If there is one crop that has suddenly become a craze among farmers across the country, it is the Hass avocado.
From Kirinyaga, Nyeri, Embu to Meru, traditional cash crops are fast being wiped out, with avocado trees taking their space on the farms.
In Kirinyaga, some farmers have cut down their coffee bushes replacing them with avocado as they eye a fortune from the new venture.
Boniface Fundi, a farmer who has planted 2,800 avocado seedlings on 14 acres at Nyangati, Mwea East sub county terms the fruit as “gold”. Last year, he sold Sh.145, 000 worth of avocados from only 15 trees with one piece going for Sh.10.
Fundi started as a coffee farmer but later realized that the avocado project is more profitable. The farmer says he encourages farmers to plant avocado as well as macadamia trees.
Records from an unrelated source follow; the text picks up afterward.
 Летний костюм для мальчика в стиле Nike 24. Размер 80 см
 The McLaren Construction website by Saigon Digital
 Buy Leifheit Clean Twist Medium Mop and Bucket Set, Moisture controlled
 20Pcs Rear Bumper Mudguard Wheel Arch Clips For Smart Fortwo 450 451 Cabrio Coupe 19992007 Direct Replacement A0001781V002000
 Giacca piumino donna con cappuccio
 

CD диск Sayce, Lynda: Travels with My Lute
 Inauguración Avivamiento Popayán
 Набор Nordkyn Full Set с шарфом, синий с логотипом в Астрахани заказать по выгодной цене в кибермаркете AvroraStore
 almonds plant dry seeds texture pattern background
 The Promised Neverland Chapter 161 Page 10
“My target is that by the time they all mature, I should be harvesting at least 1,000 fruits from each tree, which translates to Sh.28 million in a year. Scaled down considering usual challenges, I should take home at least Sh.20 million,” he says, adding that with production costs of less than Sh.200, 000, the harvest is a fortune.
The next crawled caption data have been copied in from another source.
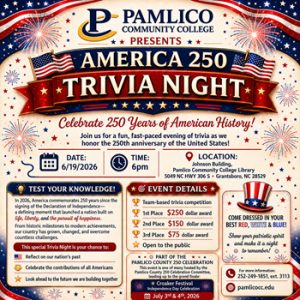 America 250 Trivia Night Flyer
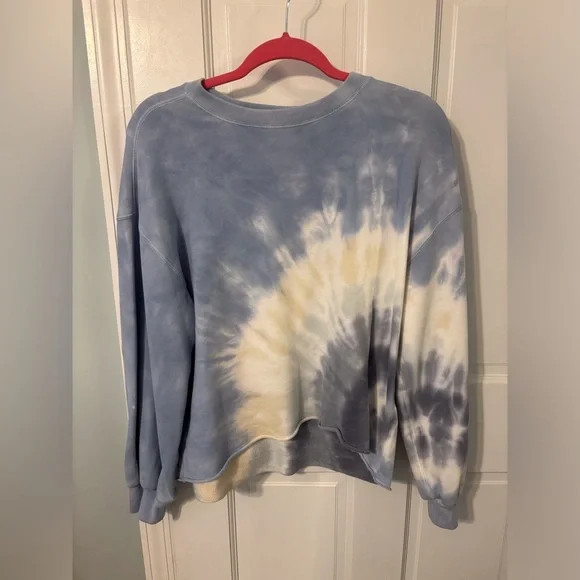 Abercrombie & Fitch Soft Collection Tie dye Crewneck Sweatshirt Medium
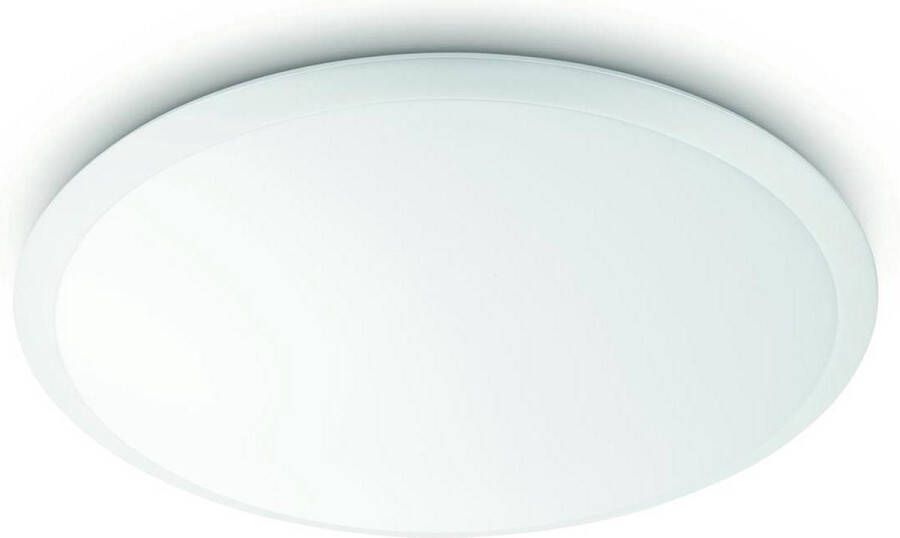 Philips Wawel Plafonnière Plafondlamp Wit Groot 36 W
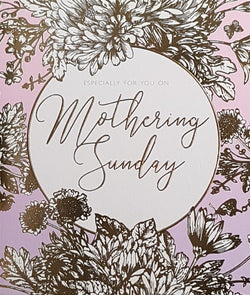 Mothering Sunday Mother Day card - Especially For You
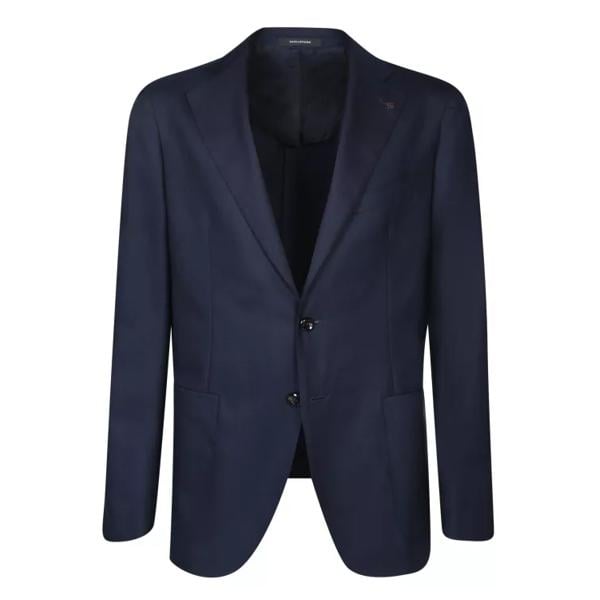 

Куртка single-breasted cashmere jacket Tagliatore, синий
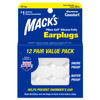 Mack's Pillow Soft Silicone Earplugs, 12 Pair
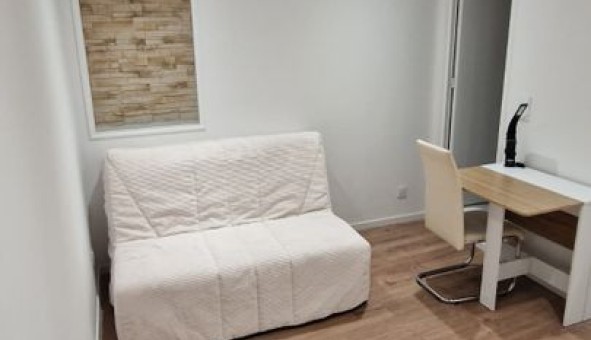 Logement �tudiant Studio &agrave; Nice (06100)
The windfall is fueled by international demand for the fruit after avocado exports to Saudi Arabia, Qatar and United Arab Emirates grew significantly in the recent past, besides the European market.
The vast Chinese market is also coming up after Kenya signed a pact that will see the fruit exported to the populous Asian nation.
According to 2019 statistics, Kenya is the largest exporter of avocado in Africa, producing 191,000 tonnes of avocados per year with exports estimated at 51,507 tonnes. South Africa comes second with annual exports of 43,492 tonnes.
Although farmers are reaping from the demand in the lucrative international market, they are cautious when dealing with exporters.
Farmers say they fear exporters are exploiting them, because they do not know how the fruit is graded and how much each grade fetches in the market.
Gideon Chege, a retired army officer who has planted 200 trees on his three acres at Murinduko, says the fruit is graded from sizes 12 to 24, but he does not know exactly how the grading is done.
“Despite the good earnings, we can make more money if we sell in kilos rather than per piece. In the current model, we are not given a chance to negotiate the price. We take what is given to us which is not a fair deal,” says the farmer.
Last year, Chege sold avocados worth Sh.150, 000 from 17 trees and expects to earn at least Sh.1 million from his trees each year when they all mature.
He says his initial investment was minimal, at an average of Sh.100 per tree since he has his own nursery. Farmers who wish to plant Hass avocado are buying seedlings at Sh.400 each.
Growers expect to reap more from the crop when prices are expected to double in the coming years.
“When I see this tree, I see money because you put in little money and harvest lots of it,” Chege says as he takes us through his farm where coffee trees used to occupy, but which have been replaced by avocado.
“After harvesting in June and July, I ensure I put manure and some fertilizer. When it starts flowering I spray fungicide to control fruit and root rots. We are also practicing organic farming and although this market has not yet opened up, we know it’s on the way,” he says.
He, however, praises exporters for adopting a good system of harvesting that discourages theft of the fruits from farms.
“When they mature, exporters pick the fruits from our orchards. I just take a seat at my farmgate and count the money,” he says.
But the Avocado Association of Kenya (ASK) has accused some exporters of harvesting immature fruits and wants the Horticultural Crops Development Authority (HCDA) to check this trend, saying the quality of the fruits from the country will be affected if nothing is done on the matter.
“Currently we are coming up with a code of conduct for members which is going to be adhered to by those who wish to carry out this business because we will not allow people to exploit farmers,” says Earnest Muthomi, the society’s Chief Executive Officer.
The concerns also come in the wake of revelations that farmers are being exploited by middle men who buy the fruits at low prices while they make a kill in the international market.
The fruits are packaged in boxes of four kilos each containing about 10 fruits. While the farmers get Sh.10 per fruit, in the international market, each carton goes for an average of $10 (Sh.1, 000).
According to a source at the Agriculture and Food Authority (AFA) who declined to be named, some officers at HCDA collude with exporters to delay efforts to address the issue so that they continue exploiting farmers.
“They are aware of what is happening but are quiet about it. Although farmers are making money, they can get better remuneration for their produce but the brokers are the ones making a kill,” said the source.